Wednesday, August 17, 2011
Was there any difference of opinion between Charles Darwin and his Father in law Josiah Wedgewood?
If you'll recall, Charles Darwin was a bit reticent to publish his findings for quite some time. Although he evidently developed his theory of evolution shortly after the voyage of the Beagle, when he was a young man, he delayed publishing his book, Origin of Species, until he was pretty old, because he knew it would cause a furor among pious Christians, who would see it as an attack on their religion. When he did finally publish it, he left out the final portion, which he later published separately under the title, The Descent of Man. In this book he laid out the thesis that people too are essentially animals and also evolved.
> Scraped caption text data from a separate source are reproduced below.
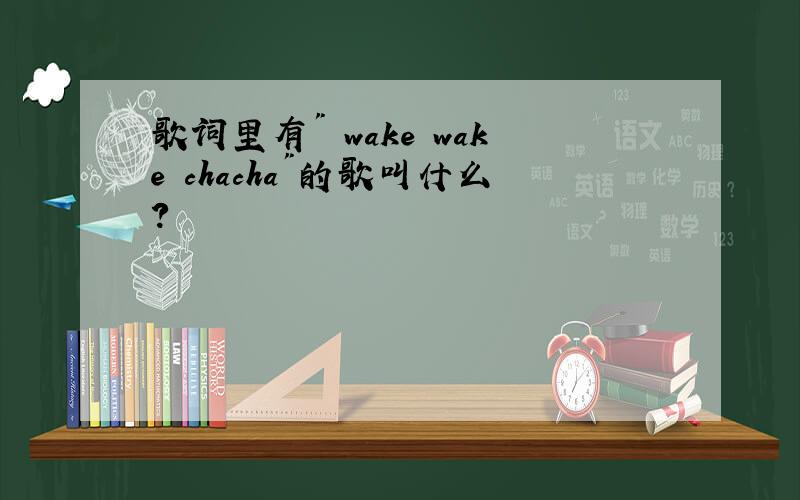 歌词里有" wake wake chacha"的歌叫什么?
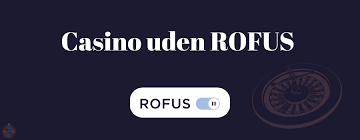 Oplev underholdning og spænding med Rofus Casino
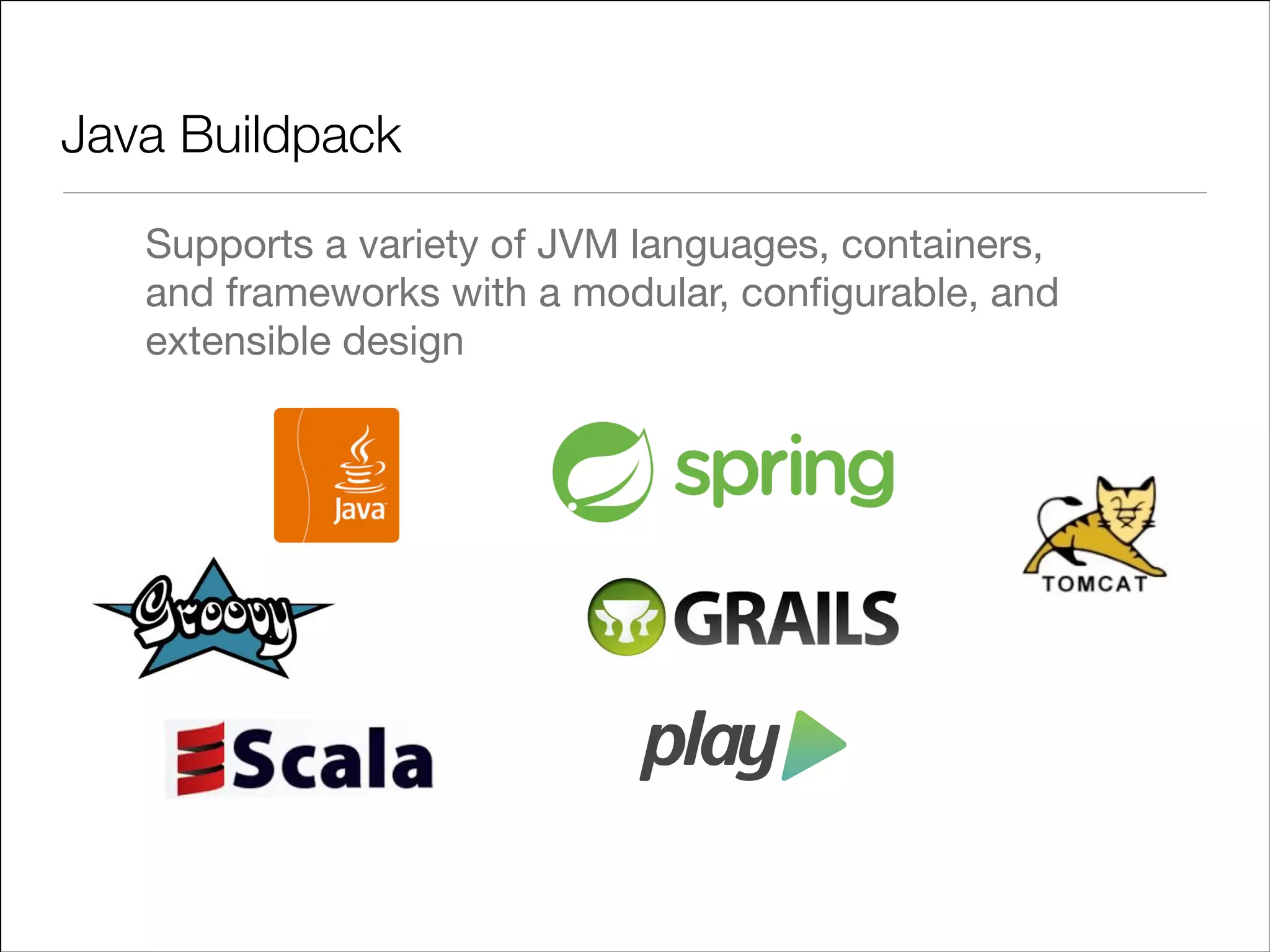 Java Buildpack
Supports a variety of JVM languages, containers,
and frameworks with a modular, conﬁgurable, and
extensible design

 
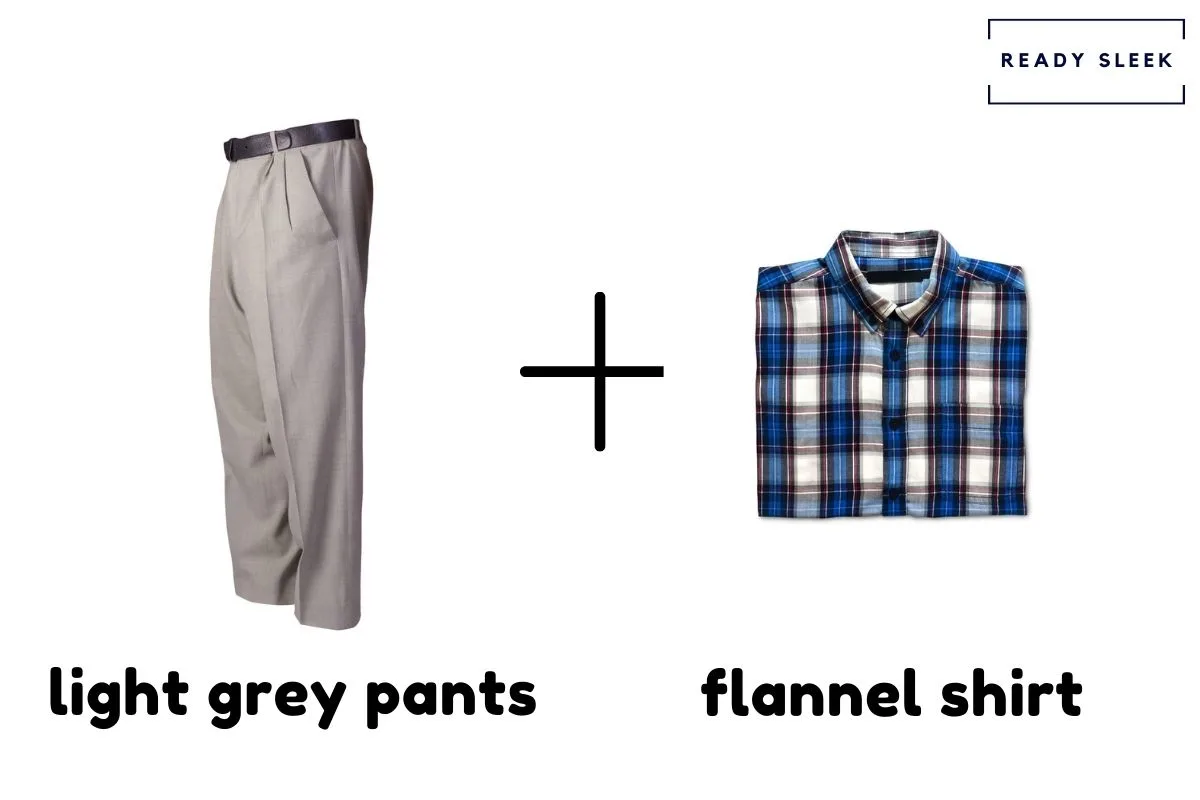 Light Grey Pants + Flannel Shirt  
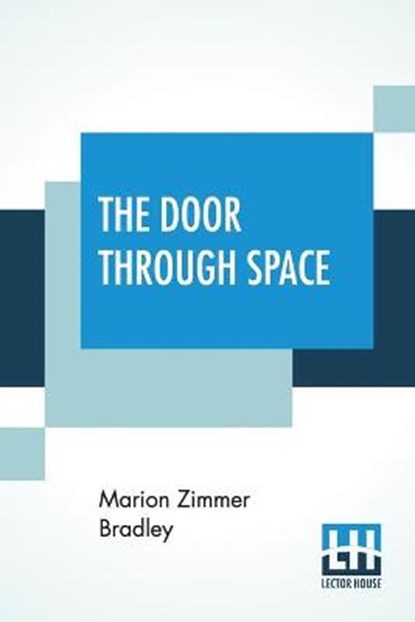 The Door Through Space, BRADLEY,  Marion Zimmer - Paperback - 9789353441777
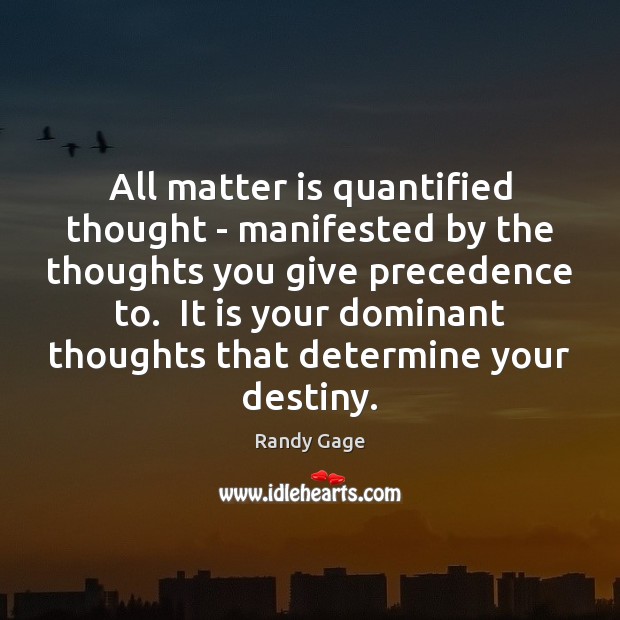 All matter is quantified thought – manifested by the thoughts you give Randy Gage Picture Quote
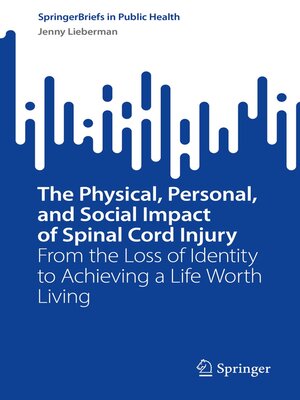 cover image of The Physical, Personal, and Social Impact of Spinal Cord Injury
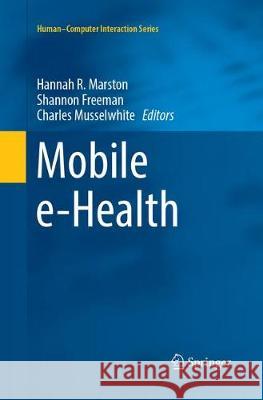 Mobile E-Health Marston, Hannah R. 9783319869100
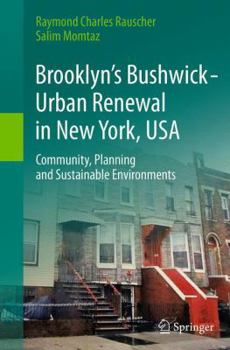 Paperback Brooklyn's Bushwick - Urban Renewal in New York, USA: Community, Planning and Sustainable Environments Book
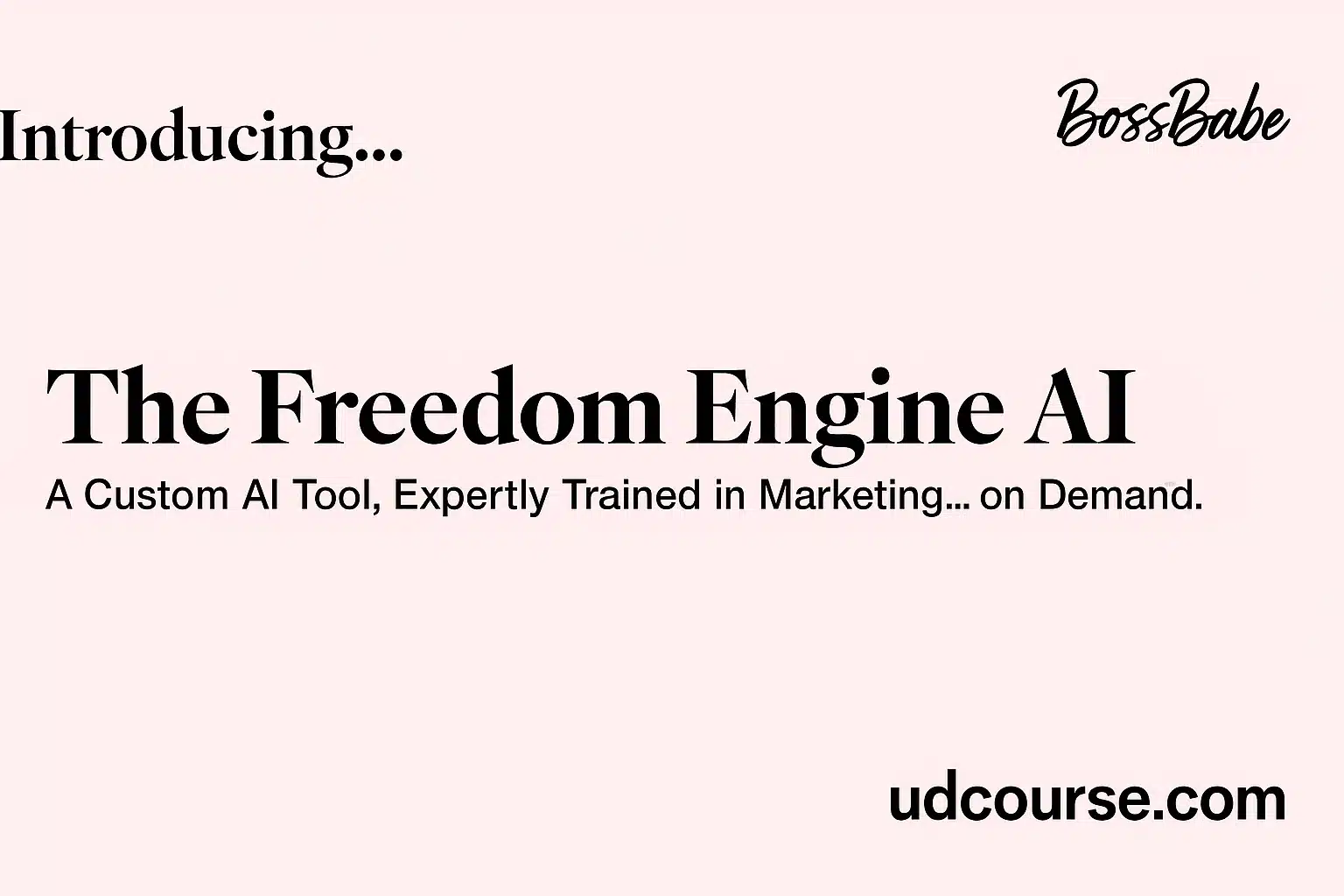 Promotional graphic for The Freedom Engine AI by BossBabe, featuring bold title text, pastel pink background, and udcourse.com watermark at the bottom-right corner.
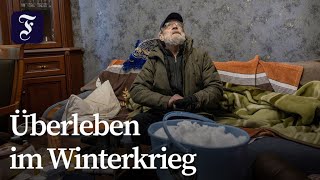 Kiew friert nach russischen Angriffen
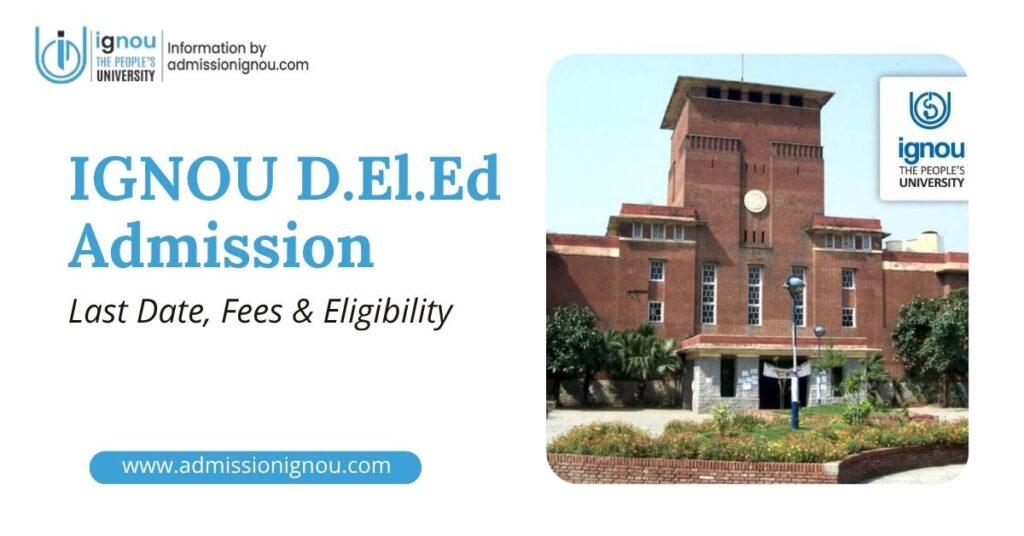 IGNOU D.El.Ed admission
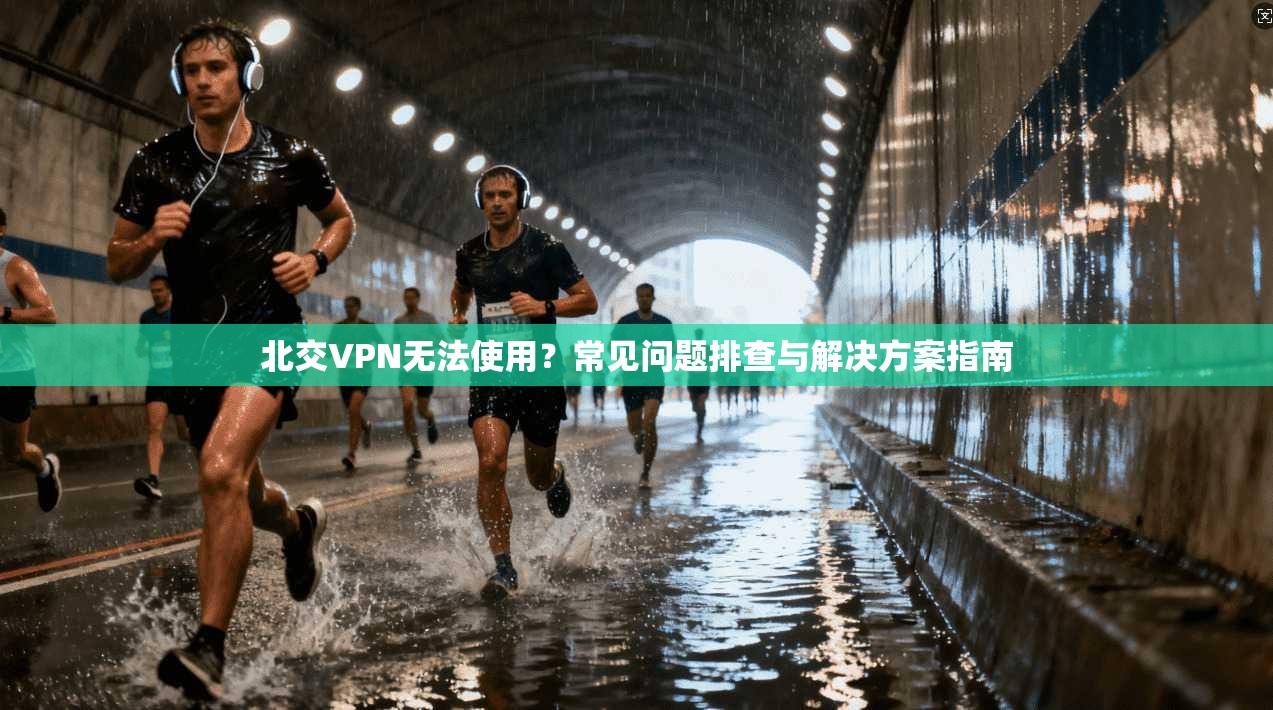 北交VPN无法使用？常见问题排查与解决方案指南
If people evolved and are related to such primates as chimpanzees, gorillas, and even monkeys, how much more closely must we all be related to one another, regardless of skin color? Now I am not aware of Darwin himself making any statements about slavery or racism, per se, but this follows logically and he was an eminently logical man. He seems most unlikely to have accepted the ridiculous notion that dark-skinned people were not fully human simply because their skin was not as pale as his own, as so many Victorian-era Englishmen did. He was far too good a scientist for that. He might not have expressed the sentiment as eloquently as Josiah Wedgewood and said, "the slave is my brother," but he practically said that chimpanzees were our cousins, so I'm pretty sure he thought the same way as his father-in-law. Also, despite all the vilification that poor old Darwin gets from fundamentalists to this day, he was actually a very pious Christian himself.